シリーズチャンピオンが懸かった残り2戦もデュアルファイナルズでの戦いとなり、準備の段階から全く気が抜けません。
スピード域が高い富士は、車も専用のセットアップに変更することになります。前回リフレッシュしたエンジンを更にパワー重視の特性に変更し、足まわりのセットアップも富士に合わせたスプリングレートに変更します。又、前回のエビスで切れ角を上げてから、フルカウンター時にフロントタイヤの外側を使う量が増えてしまったので、アッパーアームを追加工してフロントキャンバーを更に付けられるようにしました。

出発前日の夜、いつものように調布駅前で野村さん&珍しく前入りのまさや君と作戦会議(飲)です。
この(飲)の席で野村さんから「ファイナルを換えたらどうなるかな?」と言う話が浮上し、4.36で6速進入だったら、3.69で5速進入の方が良いのでは??と言うことになりました。
(飲)の席での話は必ず実行するのが、我々チームBLITZの鉄則・・・。
早速翌日の朝からスペアのデフキャリアをバラし、3.69を組み込む作業を開始です。
でも、良く考えたら6年位前に組んだ時も、確かLSDの全部をバラし、中身のサイドギアを引っくり返して(詳細は省略)あーしてこうして、って大変だった!
と言う訳で、頑張って組み立てましたが・・・すっかり出発も遅くなってしまったので、次の日の朝イチに現場で載せ換えることに・・・。

通称Aラインが高得点になる

9日(金) 練習走行日、第7戦予選
練習走行初日の朝は、前日に準備した3.69ファイナルを搭載する作業からスタートです。ところが、前日に慌てて組んで持ってきた3.69に若干の不具合があることが判明!!これを組み直すにはもう少し時間が掛かる!!ってことで、今日の練習走行は3.69を諦めることになりそう・・・。
いやいや、チョット待てよ、そういえばチームオレンジのピットに同じデフがイッパイあるじゃん♪ってことに気づき、そのまま熊久保さん達の所にダッシュ!井草メカに聞いたところ、3.69は余っているから使って良いよ♪とのお言葉が!そいつをお借りし、練習走行までに載せて試してみたいっ!!
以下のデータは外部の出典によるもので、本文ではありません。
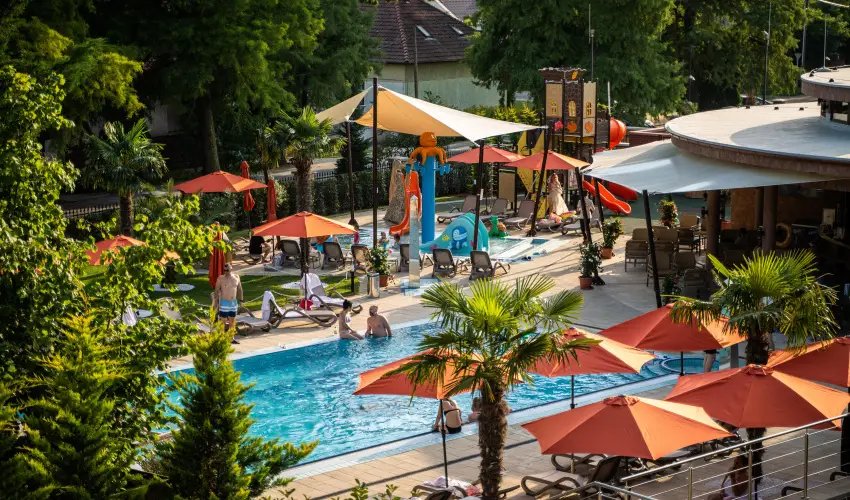 Wellness Hotel Gyula Gyula - Augusztus 20. (min. 5 j)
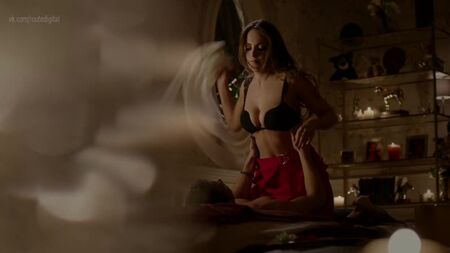 Elizabeth Gillies - Dynasty, st. 2, ep. 21 (2018) HD 1080p Nuda? Sexy! Guarda online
初の試みとなるギア比の変更が良い方向に行くかどうか、全くわかりませんでしたが・・・練習走行中の野村さんのコメントは「いやぁ~やっぱりこっちの方が回転(エンジンの)にユトリがあって乗りやすかー」とのこと。足まわりやエンジンも絶好調だし、後は走りに集中しましょう!

今回の富士も基本的な審査基準は今までと変わりませんが、やはり振り返してから真っ直ぐ審査席前のアウトクリップに飛んでくるライン取り(通称Aライン)でないと高得点が取れないようです。300Rを浅めに立ち上がり、コースを大きくトレースするようなラインには乗らないように注意しながら初日の練習走行を終えました。(チームオレンジの皆さん、ホントにありがとうございました!)

予想を裏切りウェットへ

10日(土) 第7戦決勝、第8戦予選
台風一過と言う天気予報を裏切り、前日の夜に振った雨を残したまま、デュアルファイナルズの初日が始まりました。そのまま晴れてドライになるだろう、と言う予想とは裏腹に、練習走行の最中にも雨が降り続けます。その後も雨足はドンドン強くなり、開会式が始まる頃には完全なウェットコンディションになってしまいました・・・。

走行後すぐにマシンチェック

1回戦単走
1回戦単走は予選下位のBグループからスタートし、その後Aグループ、シードグループの順でコースインとなります。野村さんがコースインした時はまだ完全なウェット路面だった為、タイヤのエアーはウェット用の低めの内圧でした。ところが、Bグループの走行が終わった頃に天候は一変し、瞬く間に晴れ間が広がりました。このままでは前回のエビスラウンドと同じ様に走るタイミングによっては、一部路面が乾いているセミウェットの状態になってしまいそうです・・・。(マジで超最悪)
Aグループの走行が終わり、いよいよシードグループの走行が始まります。野村さんはウェット用のセッティングのままスタートするしかないので、路面の状況をスポッター席から良く見て的確な指示を出さなければなりません。
1本目、他の選手の走りを見ている限りでは300Rから先が若干乾き始めているように見えたので、野村さんには「ウォームアップの時よりも若干車速を上げ気味でお願いします」と指示を出しました。
ところが、乾き始めの路面でも予想以上に滑ったようで、審査員席前アウトクリップに向けてオーバースピードになってしまいます。
野村さんは「うそつきー!メッチャ滑ったじゃーん!」って・・・。
ヘアピンへのアプローチでカウンターが戻ってしまったので、これでは高得点は入りません。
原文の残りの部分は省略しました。